Shadab Zeest Hashmi

Shadab Zeest Hashmi

About Shadab Zeest Hashmi

Author Bio

Shadab Zeest Hashmi

Shadab Zeest Hashmi’s work engages with world history, cultures of encounter, aesthetics, the craft of poetry and the life of the spirit. Her poems, lyric essays, craft essays, critical works on the Ghazal form, essays on Sufi Poetics, translations, reviews and interviews appear in literary publications and online platforms worldwide. Her latest work, published over the past few years as poem sequences and essays in journals, is centered on the history of the Silk Road. This work is an ongoing exploration of material culture, war, spirituality, commerce and syncretic aesthetics of the various cultures along the ancient trade route connecting diverse regions between Asia, Africa and Europe. The first book in her Silk Road trilogy is due out in 2025 from Kaya Press.

 

Besides two poetry collections, Zeest Hashmi has authored a volume of prose and poetry titled Ghazal Cosmopolitan which has been praised by Marilyn Hacker as “a marvelous interweaving of poetry, scholarship, literary criticism and memoir.” Her latest book is Comb, a hybrid memoir about growing up in Peshawar, the border between Afghanistan and Pakistan, during the Soviet war. Comb is a rumination on borders of all kinds, and the larger historical, literary and cultural encounters across the Silk Road, of which Peshawar was a significant outpost. Selected as the Best Hybrid Book (2019) by Julia Bouwsma, Comb is, in the words of Ilya Kaminsky “a stunning book of motherhood” in which “history is seen again from the eye of a lyric poet.”

 

Zeest Hashmi’s earlier collection of poems Kohl and Chalk is a meditation on selfhood as a woman, on split identities as a diaspora poet contending with the legacy of colonialism and the unceasing wars of the present. Baker of Tarifa, her first book, is a series of poems covering the near-millennium of Muslim rule in Spain (711-1492) known as Al-Andalus, characterized as a legend of peaceful coexistence or la Convivencia that brought together three continents, Asia, Africa and Europe and the three Abrahamic faiths in harmony. Baker of Tarifa retraces the intermittent periods of confluence and conflict within this history, in narrative and lyric poems and historical notes. Zeest Hashmi’s research on the Andalusi civilization has also appeared in the form of essays published in journals such as the Journal of Postcolonial Studies (Routledge), panel presentations for MACFEST (UK), Lahore Literary Festival (Pakistan), AWP (Florida), Faith in Literature Festival (North Carolina), The Children’s Museum Special Exhibit on Muslim Civilization (Chicago).
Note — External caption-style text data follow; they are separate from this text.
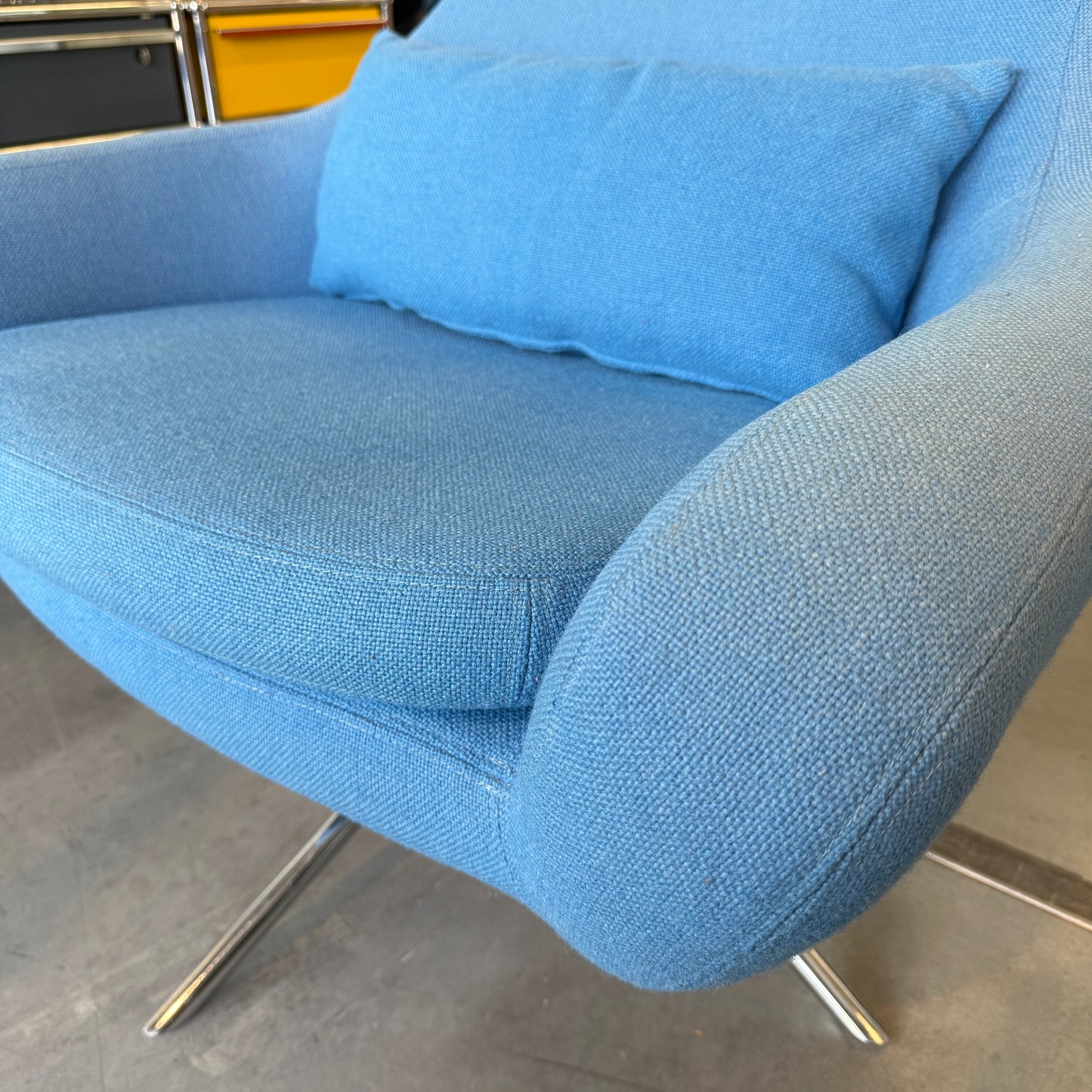 Noomi Softline Lounge Sessel blau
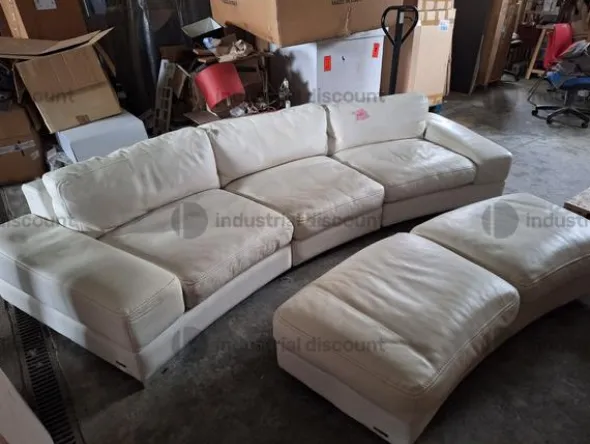 10#9481 Divano in pelle bianco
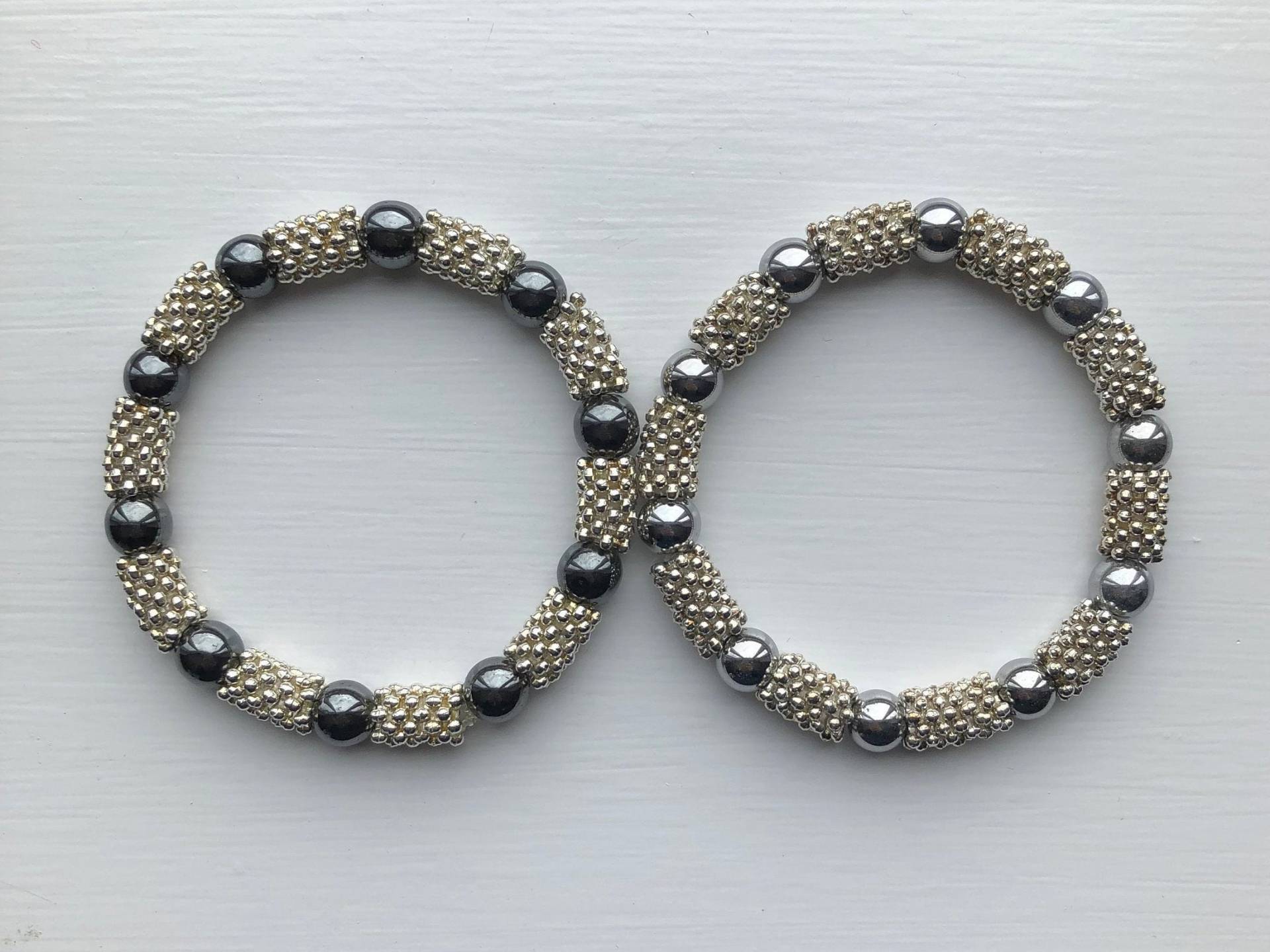 Rundes Hämatit Und Versilbertes Daisy Spacer Armband, 2 Hämatit-Optionen, Uk-Shop Rundes Hämatit Und Versilbertes Daisy Spacer Armband, 2 Hämatit-Optionen, Uk-Shop von JewelleryByJas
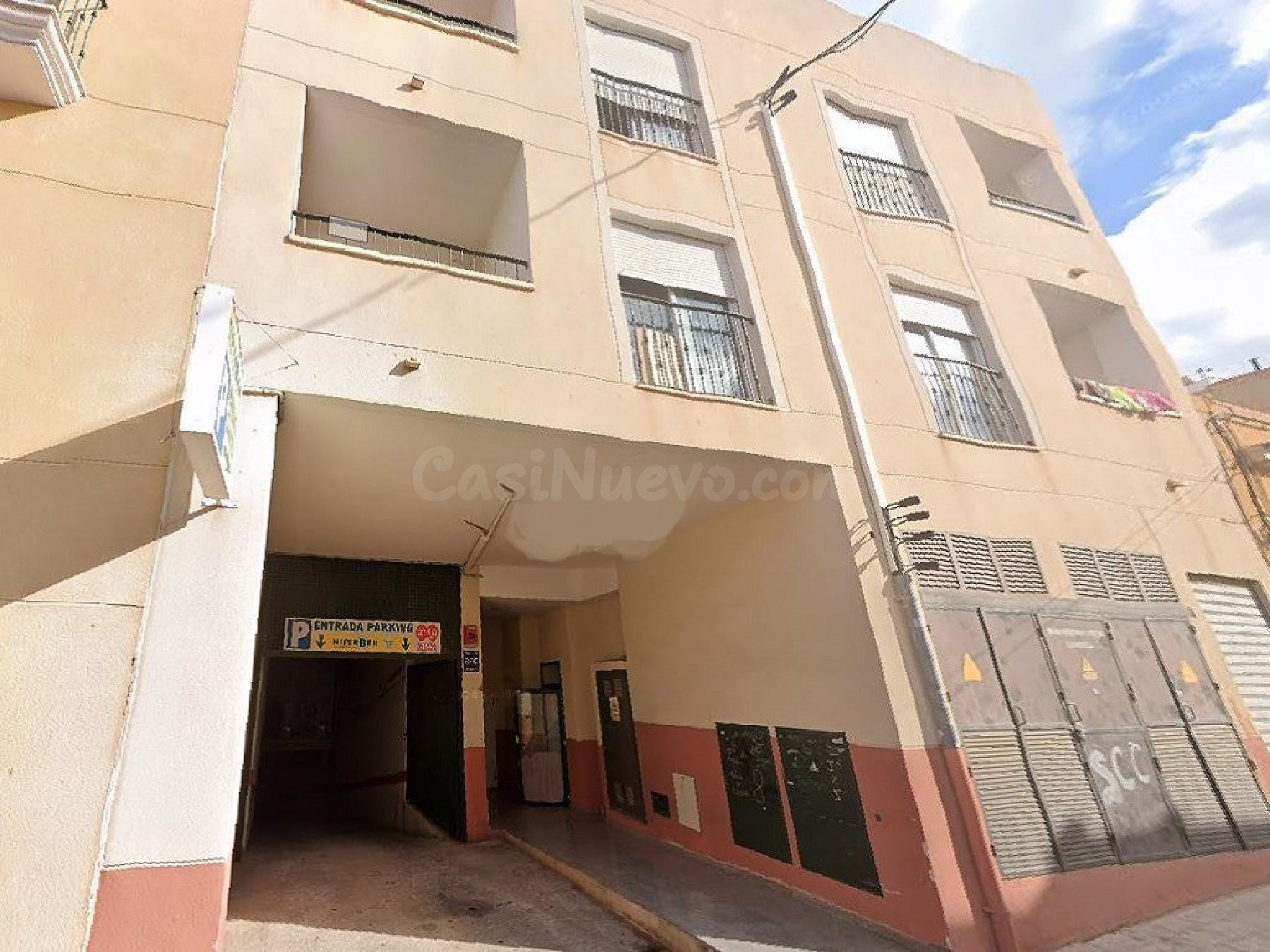 Viviendas a con garaje en ubicación estratégica en Aspe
Her writings on the topic of Al Andalus are frequently featured in 3 Quarks Daily, the online publication for which she has been a columnist since 2013.

 

Originally from Pakistan, Zeest Hashmi has resided in San Diego, California most of her life, raising a family and working as a practicing poet. She has been involved in the local San Diego writing community in various capacities, most notably as the editor of the Magee Park Poets Anthology and the curator of the National Poetry Month program at Carlsbad City Library. She has participated as a contest judge for Border Voices and California Poetry Out Loud, and has served as the guest editor for A Year in Ink (San Diego Writers Ink), and as a co-editor for The Poetry Conspiracy.

 

She has taught poetry workshops locally and in various cities in the US and other places, and has presented her own work in literary festivals, museums, academic institutes, and conferences across the US, as well as in Turkey, UK, Spain, Kirgizstan, Pakistan and Mexico.